4. Peru
Peru memiliki tingkat perceraian mencapai 0,5 per 1.000 penduduk. Banyak faktor yang menyebabkan rendahnya angka perceraian di negara ini, seperti agama dan nilai-nilai keluarga. Di Amerika Latin, persatuan keluarga sangat dihargai.
Pasangan diajarkan untuk menghindari perceraian dan tetap bersama meskipun mengalami kesulitan.
5. Irlandia
Dibandingkan dengan negara di benua Eropa, tingkat perceraian di Irlandia dianggap cukup rendah, yaitu 0,6 per 1.000 orang. Namun, meskipun negara ini memiliki mayoritas penduduk yang beragama Katolik Roma, tingkat perceraian di antara umat Katolik cukup tinggi, yakni 4,1%.
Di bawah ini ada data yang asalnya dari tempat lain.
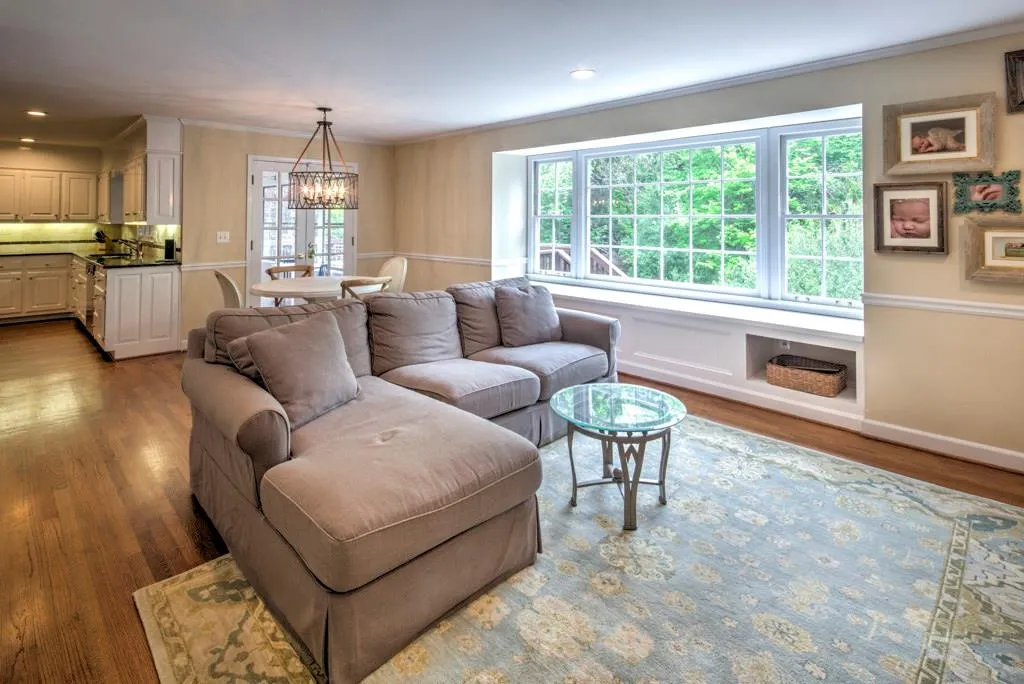 725 Amster Green Drive, Sandy Springs, Georgia 30350, 5 Bedrooms Bedrooms, ,4 BathroomsBathrooms,Residential,Sold,725 Amster Green Drive,5834731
Angka ini tergolong tinggi dibandingkan dengan negara-negara Eropa Katolik lainnya seperti Inggris, Polandia, dan Spanyol, dengan tingkat perceraian 1,9%, 1,8%, dan 2,1%.
6. Malta
Negara ini memiliki tingkat perceraian terendah kelima, dengan hanya 0,8 kejadian per 1.000 orang. Salah satu faktor yang menyebabkan tingkat perceraian yang rendah di Malta adalah kriteria yang membatasi untuk memperoleh status bercerai.
Menurut hukum di Malta, pasangan harus hidup terpisah setidaknya selama empat tahun agar memenuhi syarat untuk bercerai. Pasangan juga harus meyakinkan pengadilan bahwa rekonsiliasi tidak mungkin dilakukan.